### Work instruction:
Print, please, the line that contains "this 1100×733 image." and each line after it to the end of the entries, unchanged and with nothing else.

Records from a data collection
----------

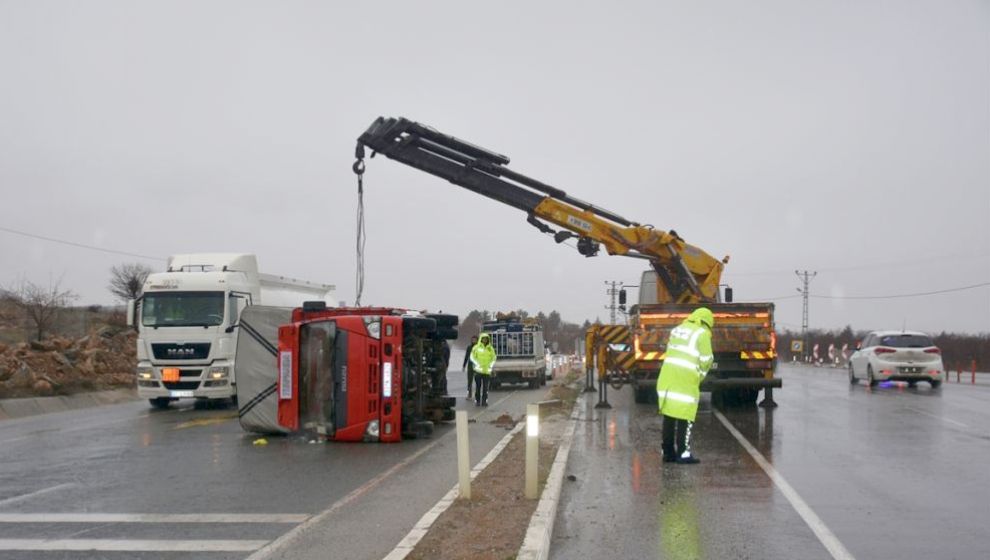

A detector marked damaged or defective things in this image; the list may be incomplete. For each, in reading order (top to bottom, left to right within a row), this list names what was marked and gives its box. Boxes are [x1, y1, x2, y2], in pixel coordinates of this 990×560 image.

overturned red truck [236, 302, 458, 442]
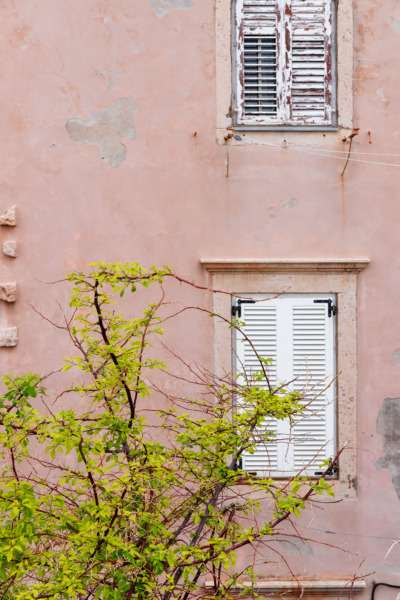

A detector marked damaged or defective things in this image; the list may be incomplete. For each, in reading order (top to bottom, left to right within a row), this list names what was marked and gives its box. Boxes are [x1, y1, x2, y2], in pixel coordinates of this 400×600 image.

peeling paint patch [151, 0, 193, 18]
rust stain on wall [64, 97, 136, 166]
peeling paint patch [65, 98, 138, 168]
crack in wall [66, 97, 138, 166]
peeling paint patch [376, 398, 400, 496]
peeling paint patch [276, 536, 312, 556]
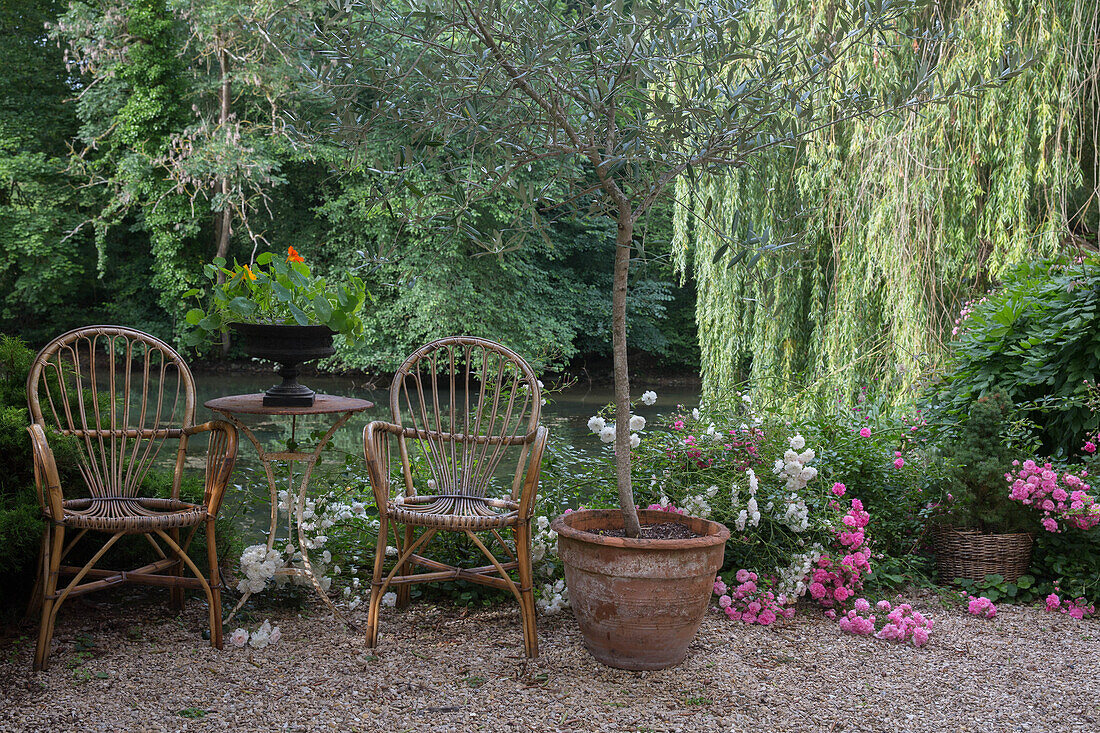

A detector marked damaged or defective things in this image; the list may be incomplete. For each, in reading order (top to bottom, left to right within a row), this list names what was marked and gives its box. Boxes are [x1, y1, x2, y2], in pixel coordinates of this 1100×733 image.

rusty table top [205, 391, 374, 413]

----------

### Solution for this problem:
A detector marked damaged or defective things in this image; the list may be incomplete. For each, in reading order (top to bottom, left to right within a row), this list names what was marked and gives its box. Boxes are [x1, y1, x2, y2], in pixel coordinates of this 1100×733 image.

rusty table top [205, 391, 374, 413]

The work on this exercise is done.